Le parcours est jalonné de panneaux explicatifs en turc et en anglais pour les plus curieux.
Le sanctuaire est de style
ionique de la période hellénistique. Les décors sculptés de son architecture
(frises et tambours supérieurs des colonnes) ont la particularité de constituer
une sorte de bande dessinée éducative inspirée des poèmes homériques concernant
la légendaire guerre de Troie et ses héros. Quelques uns sont exposés depuis
1993 dans le petit musée adjacent (un bâtiment de l’ancienne fabrique d’huile d’olives),
et d’autres sont au musée archéologique de Çanakkale. On y trouve aussi un
fragment de jambe attribué à une statue d’Apollon… mais pas de trace de la
moindre petite souris pour l’instant sauf sur le logo du site.
Le temple n’est pas l’unique
vestige. Les constructions et infrastructures alentours (thermes décorés de pavements de mosaïques, citernes, canalisations,
routes empierrées) mettent en évidence l’importance du lieu de culte dédié à Apollon
Smintheion (maître des rats) durant toute la période hellénistique et pendant une grande partie de la période romaine.
Sur les stèles en marbre gravé d'inscriptions de la galerie, reposaient les statues de bronze des vainqueurs de compétitions de lutte organisées en l'honneur du dieu. (Ces statues ont aujourd'hui disparues)
Quand on sait que les Romains
revendiquaient pour ancêtre le Troyen Enée on comprend leur vénération pour
Apollon Smintheion, ce dieu qui avait pris partie pour les Troyens en envoyant des
hordes de rats portant la peste sur les guerriers achéens qui avaient enlevé la
fille du prêtre d’Apollon, Chryse, et offerte à Agamemnon.
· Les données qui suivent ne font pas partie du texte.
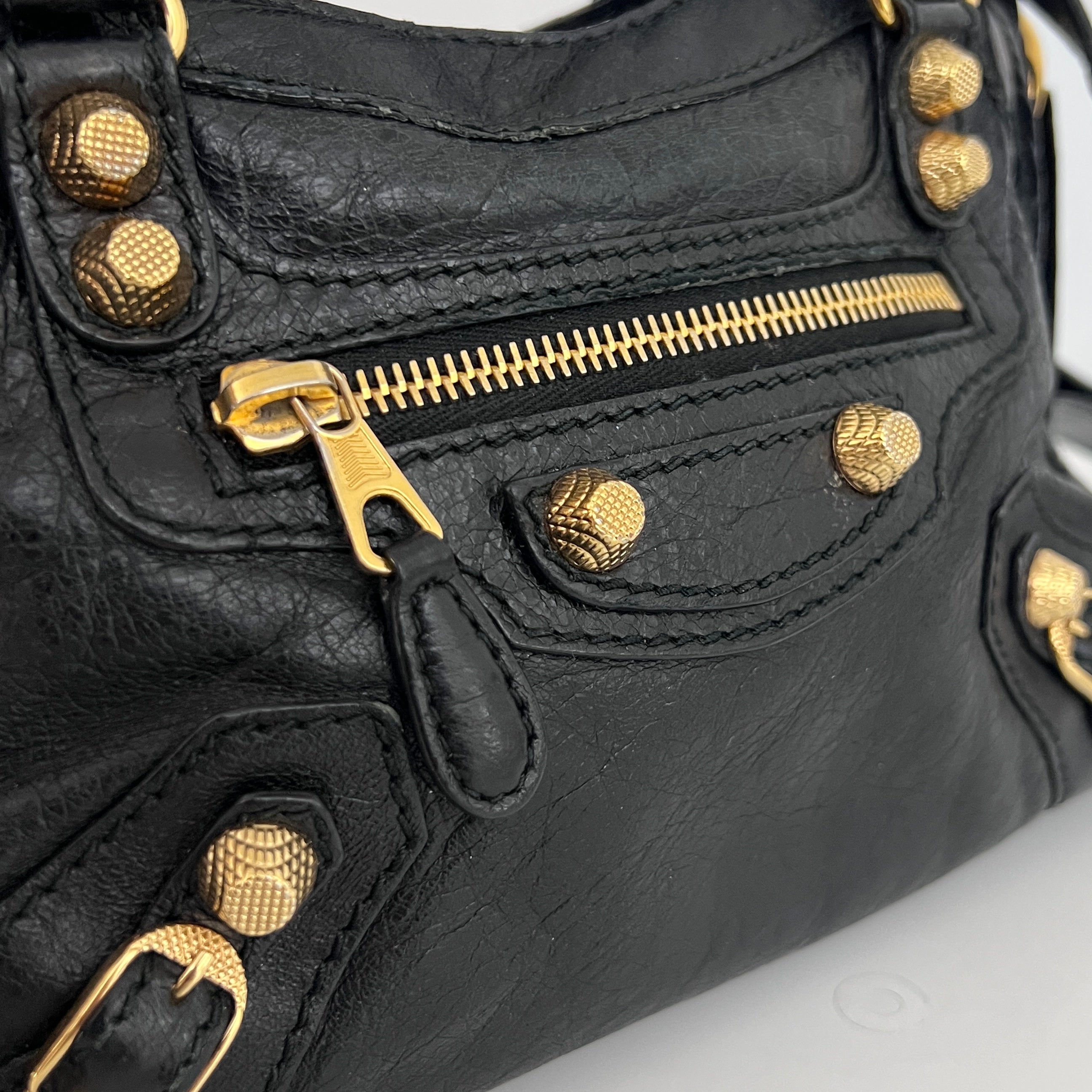 Sac BALENCIAGA Giant Mini City cuir lisse noir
La jeune femme
libérée, la population locale et le prêtre offrirent des sacrifices au dieu. Ce
sanctuaire a été élevé bien des siècles plus tard pour commémorer cet épisode
de la mythologie grecque. Une source est associée à l'emplacement du lieu.
De grandes quantités d’eau étaient nécessaires pour
les purifications et les sacrifices d’animaux. Les visiteurs venaient de loin
pour assister aux cérémonies, écouter les oracles et prophéties.
Le site archéologique a révélé
aussi des traces de constructions et des objets datant de 5000 ans av. JC, représentatifs
d’une occupation du chalcolithique, culture caractérisée par des savoir-faire
intermédiaires entre ceux du néolithique et ceux de l’âge de bronze. Ces
vestiges sont plus anciens que ceux retrouvés à Troie.
Les fouilles sont dirigées
depuis 1996 par T. Takaoğlu mais les résultats ne sont pas encore accessibles.
Pour un aperçu, il faut
consulter le site Internet officiel dont sont extraites les photos suivantes.
Les tessons de poteries retrouvés
présentent pour la plupart un décor qui retient l’attention. Leur surface porte
l’empreinte de vanneries et de tissage en laine réalisée par pression sur l’objet
avant sa cuisson. Une similitude avec la céramique cordée que l’on a trouvé en
Europe et datée d’environ 3000 à 2200 av. JC.
Et voilà notre périple bouclé. Nous avons suivi la petite route côtière comme prévu et fait
provision de légumes frais vendus par les producteurs avant de rejoindre la E 87 à Ezine, en direction des
Dardanelles pour emprunter le ferry.